Suppose the signatures on the release file you downloaded check out. You can now compare the hash value you calculated locally for the Windows executable you downloaded with that included in the properly signed release file. As you know the SHA-256 hash function is collion resistant, a match means that your executable is exactly the same as the official executable.

Lets now turn to the second common property of hash functions: hiding. Any hash function H is said to have the property of hiding, if, for any randomly selected x from a very large range, it is infeasable to find x when only given H(x).

Below, you can see the SHA-256 output of a message I wrote. To ensure sufficient randomness, the message included a randomly generated string of characters at the end. Given that SHA-256 has the hiding property, no one would be able to decipher this message.

  • b194221b37fa4cd1cfce15aaef90351d70de17a98ee6225088b523b586c32ded

But I will not leave you in suspense until SHA-256 becomes weaker. The original message I wrote was as follows:

  • “This is a very random message, or well kind of random. This beginning part is not, but I will end with some relatively random characters to ensure a very unpredictable message. XLWz4dVG3BxUWm7zQ9qS”.

A common way in which hash functions with the hiding property are used is in password management (collision-resistance is also important to this application). Any decent online account-based service such as Facebook or Google will not store your passwords directly to manage access to your account. Instead, they will only store a hash of that password. Each time you fill in your password on a browser, a hash is first calculated. Only that hash is sent to the service provider’s server and compared with the hash stored in the back-end database. The hiding property can help ensure that attackers cannot recover it from the hash value.

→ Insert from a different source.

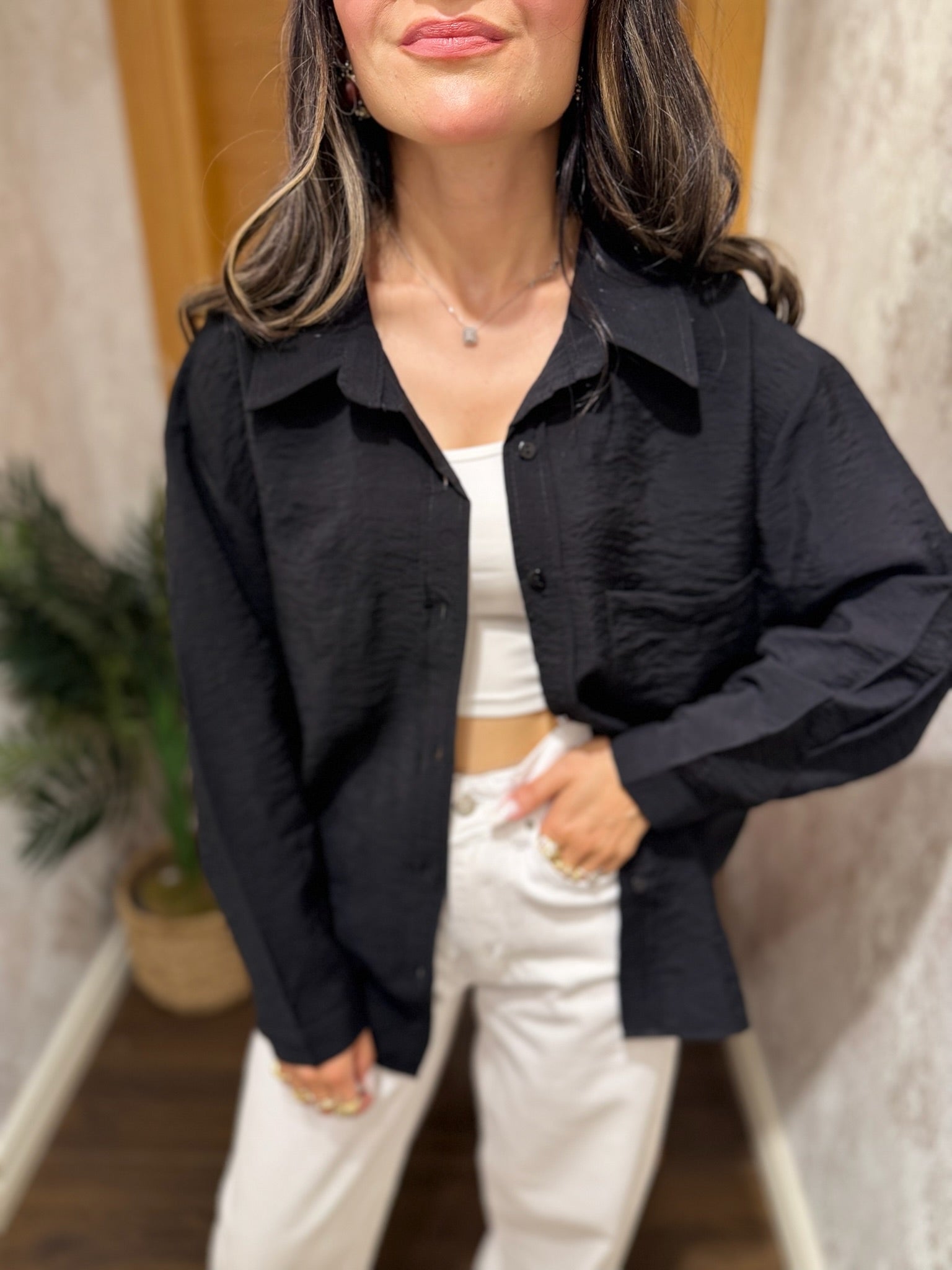 Oversize Satin Dokulu Gömlek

Password management via hashes, of course, only works if users actually choose difficult passwords. The hiding property assumes that x is chosen randomly from a very large range. Selecting passwords such as “1234”, “mypassword”, or your birthday date will not provide any real security. Long lists of common passwords and their hashes exist which attackers can leverage if they ever obtain the hash of your password. These types of attacks are known as dictionary attacks. If attackers know some of your personal details, they might also attempt some informed guesses. Hence, you always need long, secure passwords (preferably long, random strings from a password manager).

Sometimes an application might need a hash function which has both collision resistance and hiding. But certainly not always. The software verification process we discussed, for example, only requires that the hash function displays collision-resistance, hiding is not important.

While collision resistance and hiding are the main properties sought of hash functions in cryptography, in certain applications other types of properties might also be desirable.

Notes

1. Whitfield Diffie and Martin Hellman, “New directions in cryptography,” IEEE Transactions on Information Theory IT-22 (1976), pp. 644–654, at p. 644.

2. Ralph Merkle also discusses a key exchange protocol in “Secure communications over insecure channels”, Communications of the Association for Computing Machinery, 21 (1978), 294–99. While Merkle actually submitted this paper before the paper by Diffie and Hellman, it was published later. Merkle’s solution is not exponentially secure, unlike Diffie-Hellman’s.

3. Ron Rivest, Adi Shamir, and Leonard Adleman, “A method for obtaining digital signatures and public-key cryptosystems”, Communications of the Association for Computing Machinery, 21 (1978), pp. 120–26.

4. A good history of these discoveries is provided by Simon Singh, The Code Book, Fourth Estate (London, 1999), Chapter 6.

5. Any schemes attempting to achieve non-repudiation, the other theme we discussed in Chapter 1, will at its basis need to involve digital signatures.

6. The “hiding” terminology is not common language, but taken specifically from Arvind Narayanan, Joseph Bonneau, Edward Felten, Andrew Miller, and Steven Goldfeder, Bitcoin and Cryptocurrency Technologies, Princeton University Press (Princeton, 2016), Chapter 1.

Chapter 6: Asymmetric Cryptography

As with symmetric cryptography, asymmetric schemes can be used to ensure both secrecy and authentication. By contrast, however, these schemes employ two keys rather than one: a private and a public key.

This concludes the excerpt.